Sami Kohen

Sami Kohen

skohen@milliyet.com.tr

Tüm Yazıları
Haberin Devamı

CEZAYİR'de son 5 yılda olup bitenler, Türkiye dahil, tüm dünyada sıksık bir örnek olarak gösterilir.
Gerçekten bu Kuzey Afrika ülkesinin rejim alanında geçirdiği deneyimlerden, çıkarılması gereken epey sonuç vardır.
Üzerinde önemle durulan ilk deneyim, 5 yıl önce Cezayir'in ilk çok partili seçimlerde uğradığı yol kazasıdır. Bu seçimlere katılan İslami Selamet Cephesi - FİS - iktidara gelmek üzere idi ki, ordu müdahale etti, seçim sonuçlarını iptal etti ve askeri bir yönetim kurdu.
Bunun gerekçesi, FİS'in köktendinci bir parti olduğu ve çeşitli beyanlarından şeriatı kurduktan sonra çoğulcu demokratik sisteme son vermeyi plandığı idi. Gerçekten FİS ileri gelenleri, seçim kampanyasında dahi, bu niyetlerini açığa vurmaktan çekinmemişler ve ülkenin laik kesimini - ve bu arada orduyu - ürkütmüşlerdi.
Ordunun, seçimlerde en çok oyu alan FİS'i safdışı etmek için yönetime el koyması, Cezayir konusunda gösterilen ilk "kötü örnek" oldu. İslam dünyasında köktendincilerin iktidara gelmesinden kaygı duyan Batılı çevreler dahi, serbest seçimle ortaya çıkan bir sonucun askeri darbe ile engellenmesine karşı çıktılar...
* * *
CEZAYİR'de askeri rejim FİS'i yasa dışı ilan edip yönetimi ele geçirdikten sonra, dramatik olaylar birbirini izledi.

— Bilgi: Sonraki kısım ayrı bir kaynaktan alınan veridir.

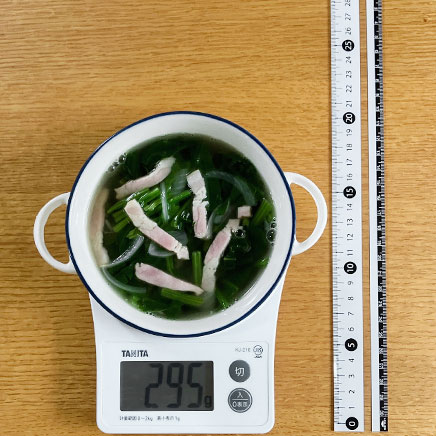 スープカップ1杯分のほうれん草とベーコンのスープ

Köktendinci hareket, daha da radikalleşti. FİS'e bağlı militanlar korkunç bir terör kampanyası başlattılar. "İslami Silahlı Grup" adlı örgüt şiddet eylemlerini sürdürdükçe, ordu da baskıcı hareketlerle karşılık verdi. Cezayir, içine sürüklendiği bu iç savaşta şimdiye kadar 60 bin vatandaşını kaybetti.
"Cezayir örneği", yasal partilerin seçimlerde elde ettikleri sonucun iptal edilmesinin ve yasa dışı ilan edilmelerinin, bu partilerin ve onu destekleyenlerin sokağa dökülmesine yol açtığını gösteriyor. Denilebilir ki, bu partilerin niyeti zaten sonunda demokrasiyi ortadan kaldırmaktır. Tabii bu gözardı edilmeyecek bir argüman. Ancak, bu gerekçe ile müdahale edenler, sonunda demokrasiyi bizzat öldürmüyor ve ayrıca ülkenin teröre sürüklenmesine yol açmıyor mu?

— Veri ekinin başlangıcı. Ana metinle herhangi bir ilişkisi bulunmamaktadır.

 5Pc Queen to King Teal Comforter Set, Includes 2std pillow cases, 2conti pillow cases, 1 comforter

Cezayir'in başında bulunan General Liamin Zerual, halen ülkeyi içinde bulunduğu kritik durumdan kurtarmak için, askeri rejimden daha demokratik bir düzene "yumuşak geçiş" yapmak gereğini duyuyor. Bu nedenle, yeni bir anayasa hazırlattı ve bunu geçen hafta sonu, referanduma sundu.

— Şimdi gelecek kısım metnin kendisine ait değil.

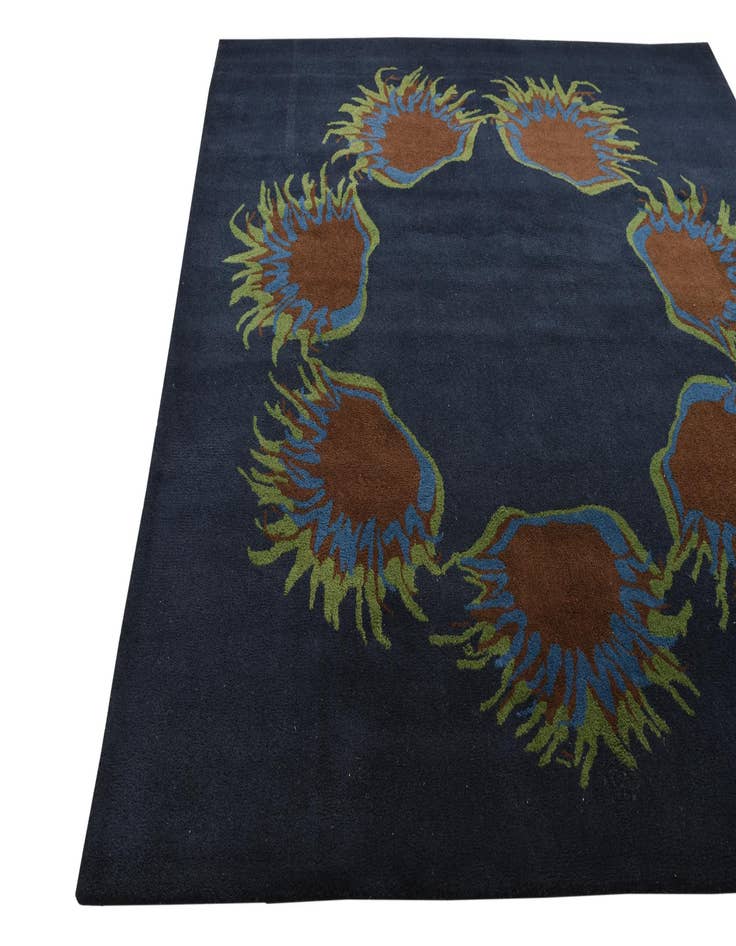 Detail image of 7' 6 x 7' 7 Luna Square Rug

Halk oylamasına sunulan taslağın en önemli maddesi, din, dil ve etnik temele dayanan partileri yasaklamayı öngörüyor. Böylece bir yandan şeriatın önü kesilmek, diğer yandan da Berberilerin ayrılıkçı hareketleri önlenmek isteniyor.
Anayasanın bu şekli ile, Cezayir'de FİS gibi bir partinin faaliyette bulunması mümkün değil.
Ama ılımlı İslamcı Parti "Hamas", siyasi hayatta yer alabilecek.
Anayasa, Cezayir'i bir İslam Cumhuriyeti olarak nitelendiriyor. Yani din, devletten ayrılmıyor; ama şeriat da öngörülmüyor.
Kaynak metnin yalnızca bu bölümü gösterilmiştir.